Following the conversation from several weeks ago - I set up the model as follows:
formula<-bf(poverty ~ 1 + gdp +(1|Country) + (1|Country:Region) ,
phi ~ 1 + gdp +(1|Country) + (1|Country:Region),
zoi ~ 1 + gdp +(1|Country) + (1|Country:Region),
coi = 1 ) # coi is set up to 1 as there are no data with poverty rate equal to zero
fit.model<-brm(
formula,
data=sample,
family= zero_one_inflated_beta(),
chains = 4,
iter = 3000,
warmup = 1000,
cores = 4,
backend = “cmdstanr”,
threads = threading(1),
control = list(adapt_delta = 0.99)
) # no priors set up for this model
For this model I have 16 Countries which have from 1 to 149 Regions with different number of surveys in each Region. In total I have over 8,000 surveys (but I tested this model also on over 90,000 surveys from 16 Countries as well as on a dataset where there was equal sample size for each Region).
The model runs, it converges well. The Rhats are healthy (all 1.00), the fit has no divergences, and ESS look reasonable (all more than 1800).
The graphs for posterior predictive checks look as follow:
- graph for comparing distribution of the observed variable (y) to the distributions of some of the simulated datasets (yrep) (pp_check(fit.model, ndraws=200)):
- The scatter plot of residuals (x axis) plotted against the observed variable (y) (pp_check(fit.model, “error_scatter_avg”)):
The question I have is as follows.
I am using GDP as a country-level predictor and, in the graph below, I show the GDP vs Poverty Rate. I would expect that the model’s predicted poverty rates shift towards the regression line (the blue line showing relationship between gdp and poverty for the observed data). But in the graph some of the red points (the model’s predicted poverty rates) shift away from the line, and I am not sure what’s the explanation for this.
The blue dots are calculated by taking the averages at the regional level and then taking the average of the regional averages to get the country average. Changing the approach to poverty rate calculation (taking the average of all data at the country level) gives nearly the same results. The labels indicate the country and the number of surveys in each country.
Would you have any suggestion what can be happening here and how I can try to improve that? I tried various things already:
- to simplify the model (reduce the number of levels only to Country).
- not model for phi nor zoi.
- take various sample sizes from the original dataset to check the behavior of the model.

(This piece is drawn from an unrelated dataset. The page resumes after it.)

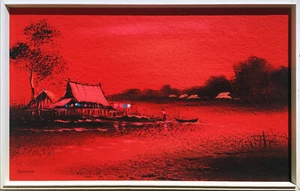 Painting Red Sunset Thailand Ocean Asian Signed Seetein Orig. Watercolor - Picture 1 of 17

- I tried using the default brms priors and other non-informative priors recommended in the Andrew Heiss blog post: “A guide to modeling proportions with Bayesian beta and zero-inflated beta regression models”.

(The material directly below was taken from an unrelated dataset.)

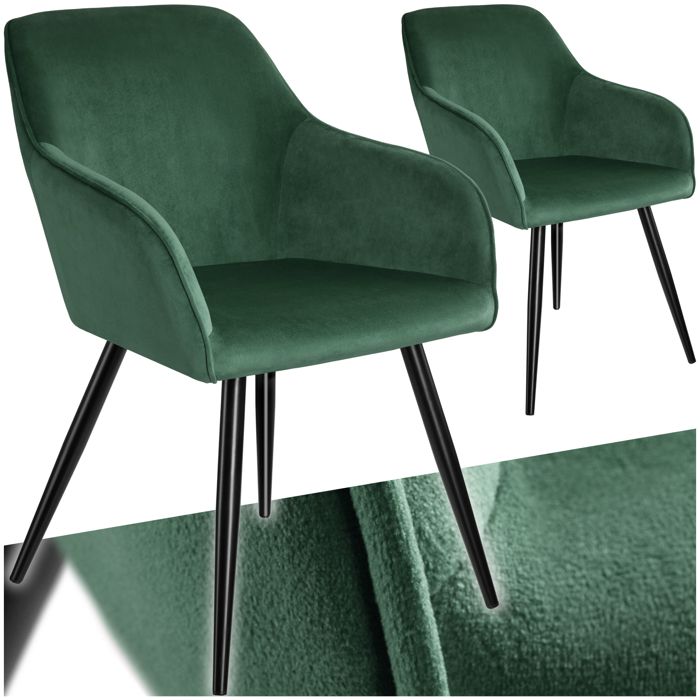 Chaise - TECTAKE - Lot 2 chaises MARILYN effet velours style scandinave rembourrée pieds acier noir 58x62x82cm - Vert foncé/Noir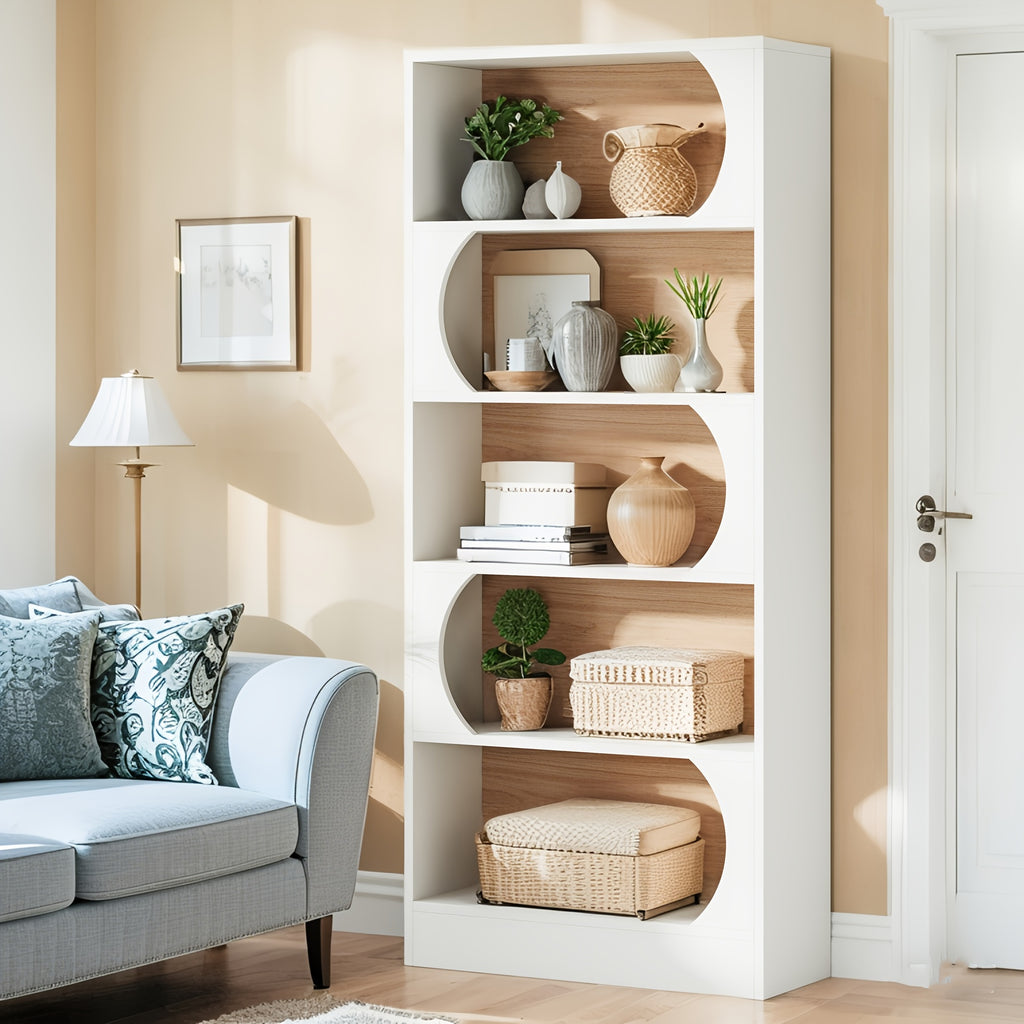 5 Tier Bookcase, Farmhouse Book Shelf with Storage, 70.87\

- I also tried change the way the blue dots are calculated (simple average for a Country from all data for given country, average of averages of poverty at Regional level to get the Country average)
- Should I expect the “red dots” to get close to the line. If no, why?
- If yes, what are some other possible causes of why this is happening.
Would you have any suggestions about what might be missing in the model?